[Caption-style text data]:

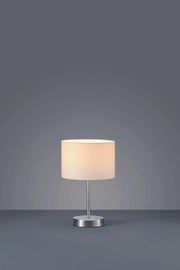 Lampada tavolo da Interno  E14 in Metallo Nickel Opaco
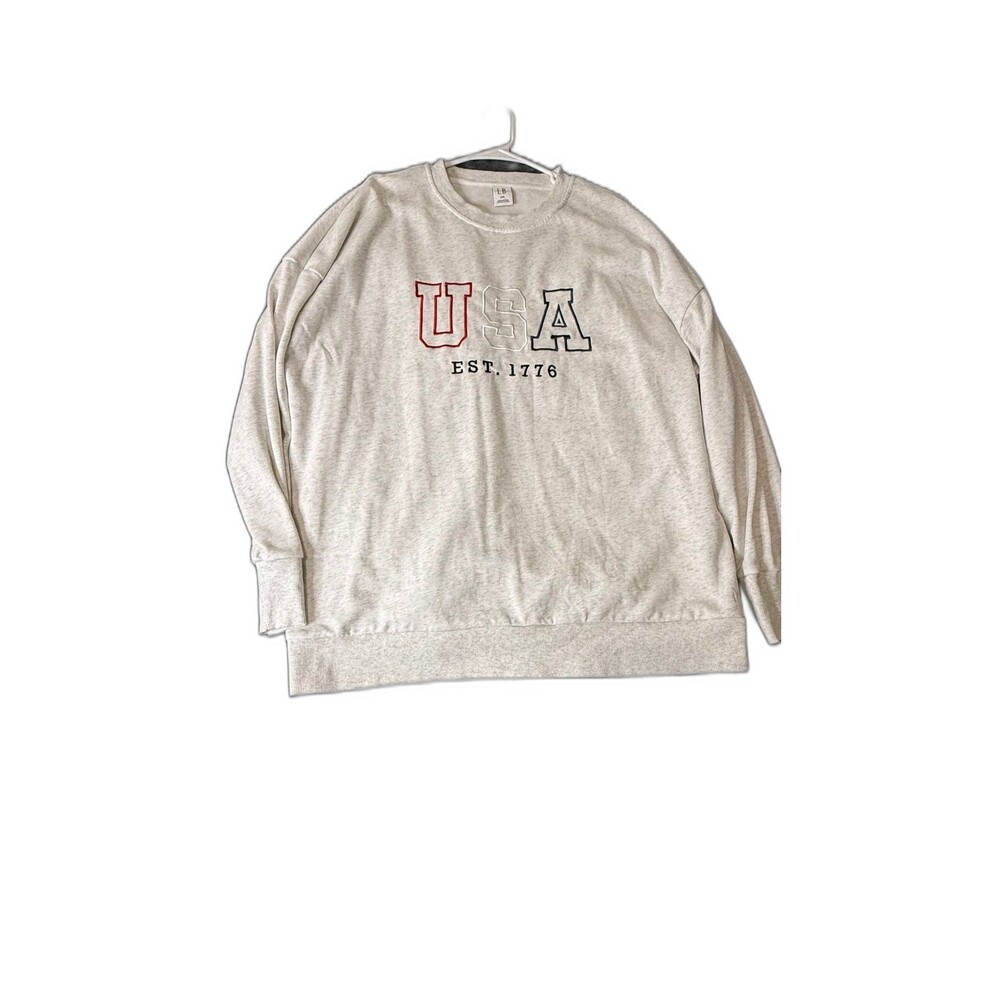 Little Bipsy XXL Adult USA crewneck sweatshirt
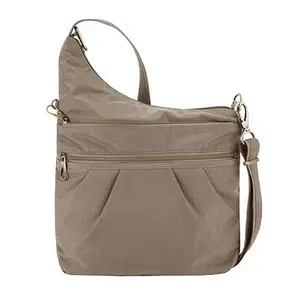 Travelon Anti-Theft Signature 3-Compartment Crossbody Bag 13.75"x11.5"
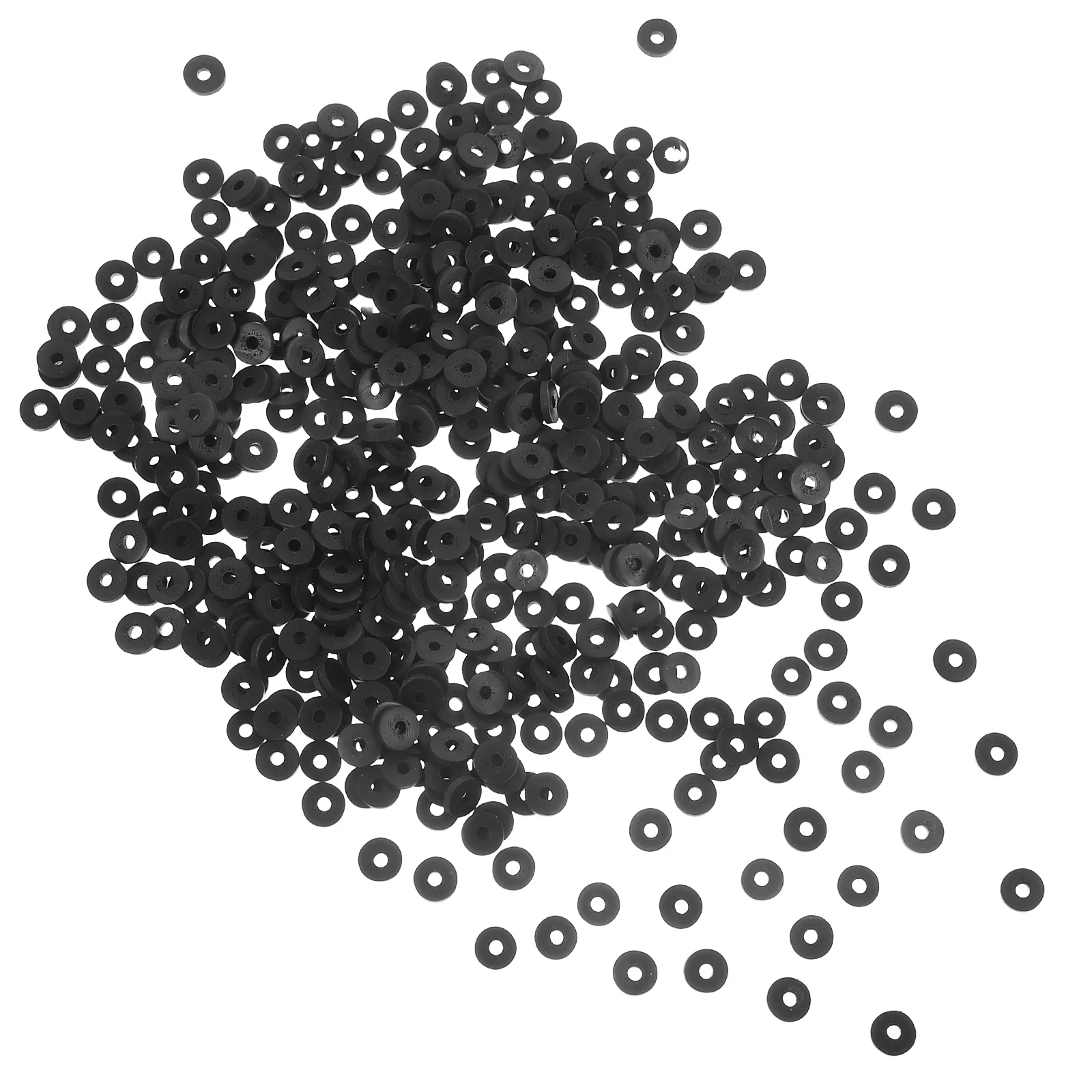 

4 Boxes Flat For Crafts Jewelry Making Supplies Black Clay Beads Refill Diy Bracelet Making Kit Polymer Clay Beads For Necklace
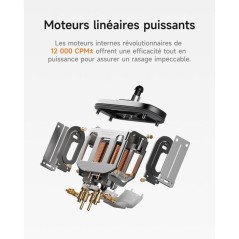 Rasoir électrique - LAIFEN - T1 Pro - 1 lame - Moteur linéaire - Pr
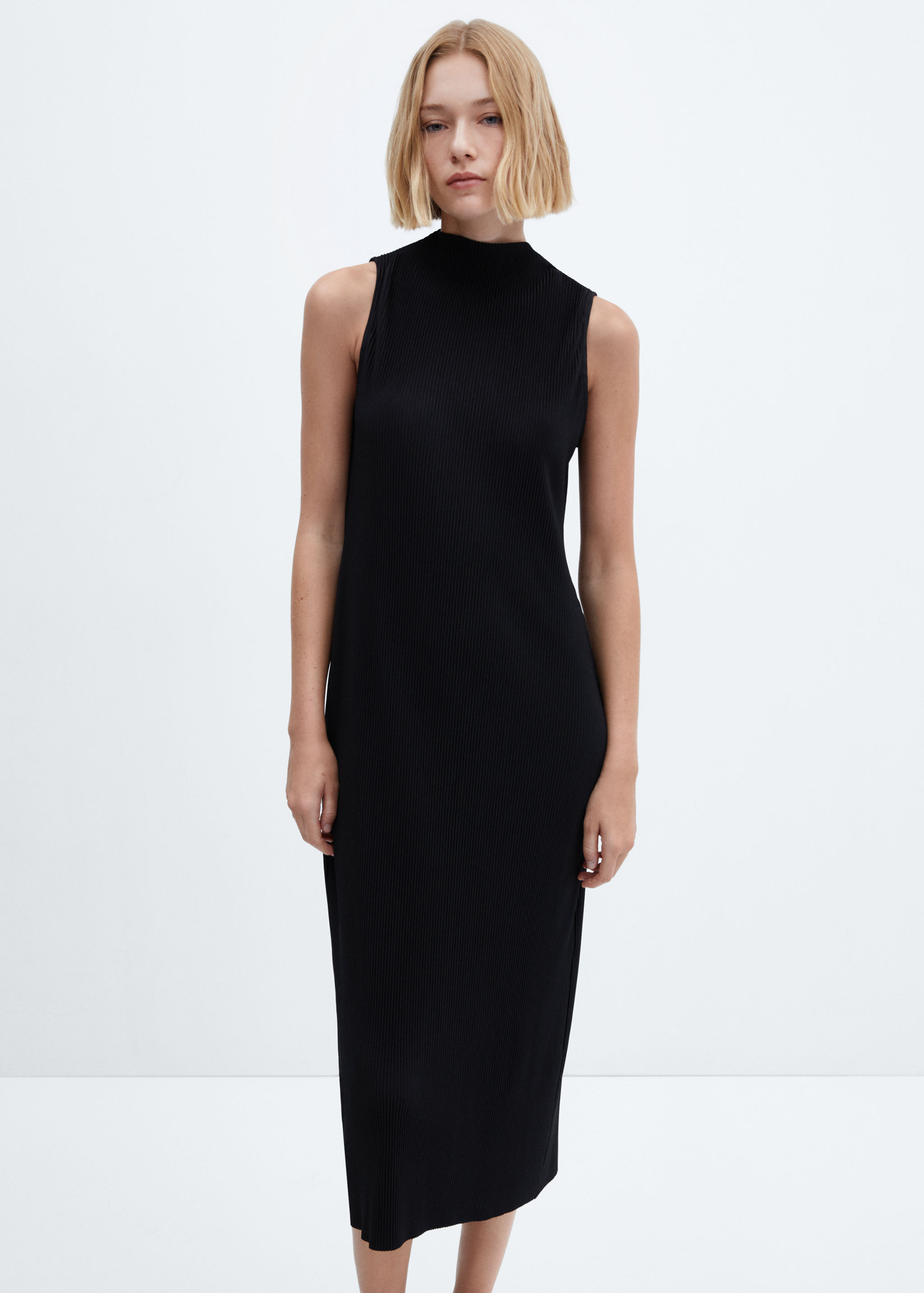 Tailored ribbed dress - Medium plane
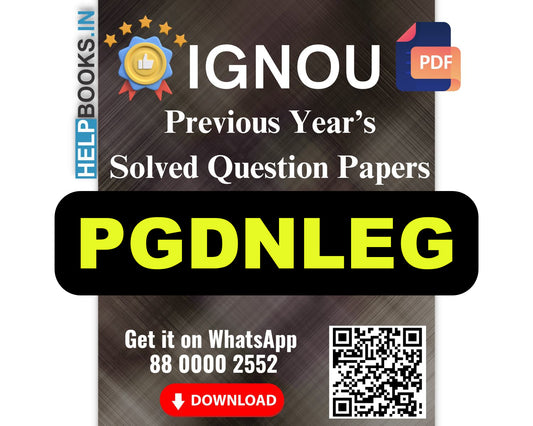 IGNOU Post Graduate Diploma in New Literatures in English (PGDNLEG)- 5 Previous Years Solved IGNOU Question Papers for 2024 Examinations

[The task]: Transcribe all lines above exactly, skipping pictures.

[Reply to the task]:
 Lampada tavolo da Interno  E14 in Metallo Nickel Opaco
 Little Bipsy XXL Adult USA crewneck sweatshirt
 Travelon Anti-Theft Signature 3-Compartment Crossbody Bag 13.75"x11.5"

4 Boxes Flat For Crafts Jewelry Making Supplies Black Clay Beads Refill Diy Bracelet Making Kit Polymer Clay Beads For Necklace
 Rasoir électrique - LAIFEN - T1 Pro - 1 lame - Moteur linéaire - Pr
 Tailored ribbed dress - Medium plane
 IGNOU Post Graduate Diploma in New Literatures in English (PGDNLEG)- 5 Previous Years Solved IGNOU Question Papers for 2024 Examinations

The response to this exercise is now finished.